# Feeling like you're in church



## MW (Jul 21, 2006)

Taking it for granted that the main emphasis should be on Word, sacraments and prayer, is it wrong, secondarily, to desire to worship in a traditional-type building with pews and pulpit? Would it be wrong for a church to deliberately choose an old building with pews and pulpit so that people might feel like they are in church?


----------



## panta dokimazete (Jul 21, 2006)

no - but there should be a plan to mature the body on the difference between a church building and the church visible and invisible.


-JD


----------



## wsw201 (Jul 21, 2006)

> _Originally posted by armourbearer_
> Taking it for granted that the main emphasis should be on Word, sacraments and prayer, is it wrong, secondarily, to desire to worship in a traditional-type building with pews and pulpit? Would it be wrong for a church to deliberately choose an old building with pews and pulpit so that people might feel like they are in church?

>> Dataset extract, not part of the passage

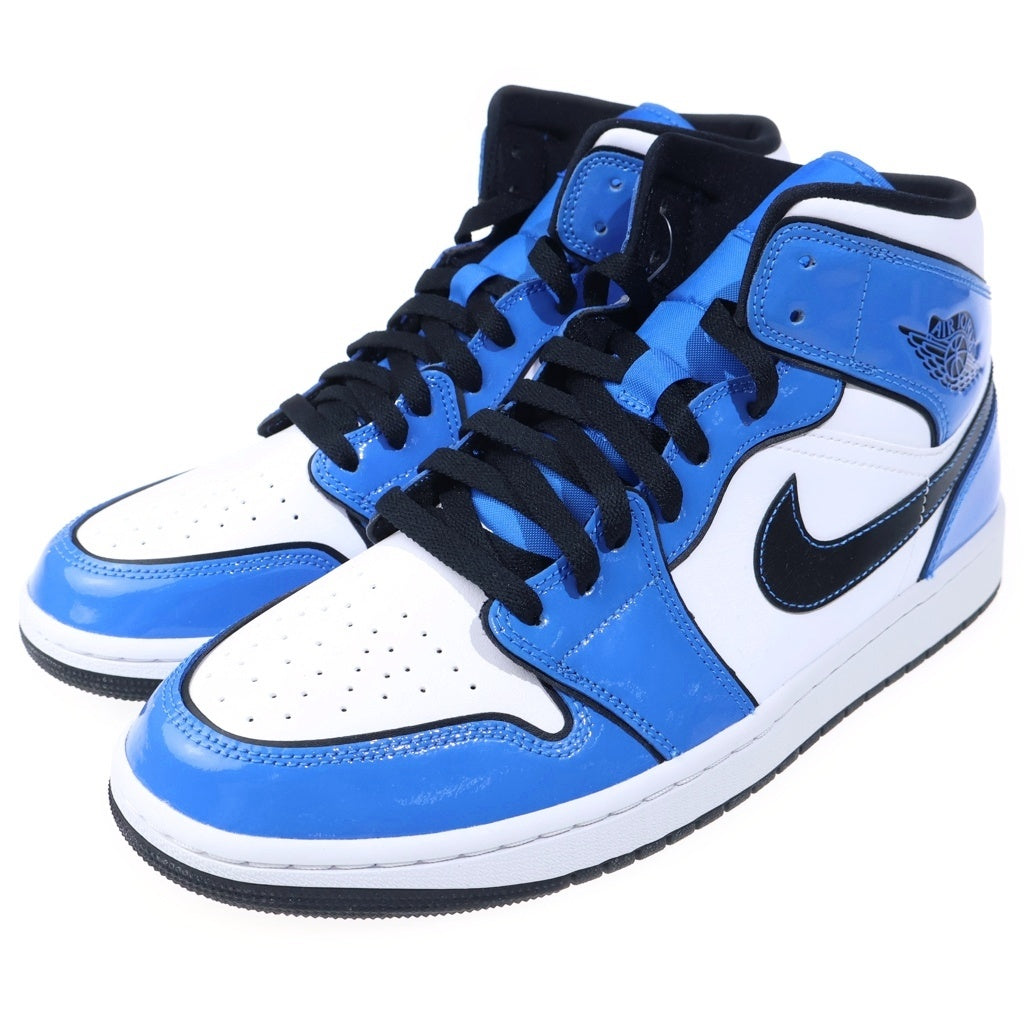 NIKE(ナイキ) AIR JORDAN 1 MID SE SIGNAL BLUE エアジョーダン1 シグナルブルー ミッドカットスニーカー ホワイト/ブルー US10.5/28.5cm DD6834-402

That's the way I like it. :bigsmile:


----------



## NaphtaliPress (Jul 21, 2006)

All things being equal I'm not sure what is wrong with preferring what is comfortable and customary, as long as it is a possible and prudent choice (ie factoring in finances and other circumstances etc). Having recently moved from what we affectionately (?) called our "German bunker" building which we owned since 1985 to an actual church building, I have to say I certainly prefer it acoustically and from most all other aspects. It just took time; and in God's good providence we bought the new building and sold the old one and are debt free with still money in the bank.


----------



## Ivan (Jul 21, 2006)

> _Originally posted by wsw201_
> 
> 
> > _Originally posted by armourbearer_
> ...



 and


----------



## Scott (Jul 21, 2006)

Church architecture and structure communicates a message and can reinforce or detract from piety. Whether we have a pulpit, where we place it A good book on the topic is Christ and architecture: Building Presbyterian/Reformed Churches by Donald J Bruggink.


----------



## Me Died Blue (Jul 21, 2006)

> _Originally posted by jdlongmire_
> no - but there should be a plan to mature the body on the difference between a church building and the church visible and invisible.
> 
> 
> -JD







> _Originally posted by Scott_
> Church architecture and structure communicates a message and can reinforce or detract from piety. Whether we have a pulpit, where we place it A good book on the topic is Christ and architecture: Building Presbyterian/Reformed Churches by Donald J Bruggink.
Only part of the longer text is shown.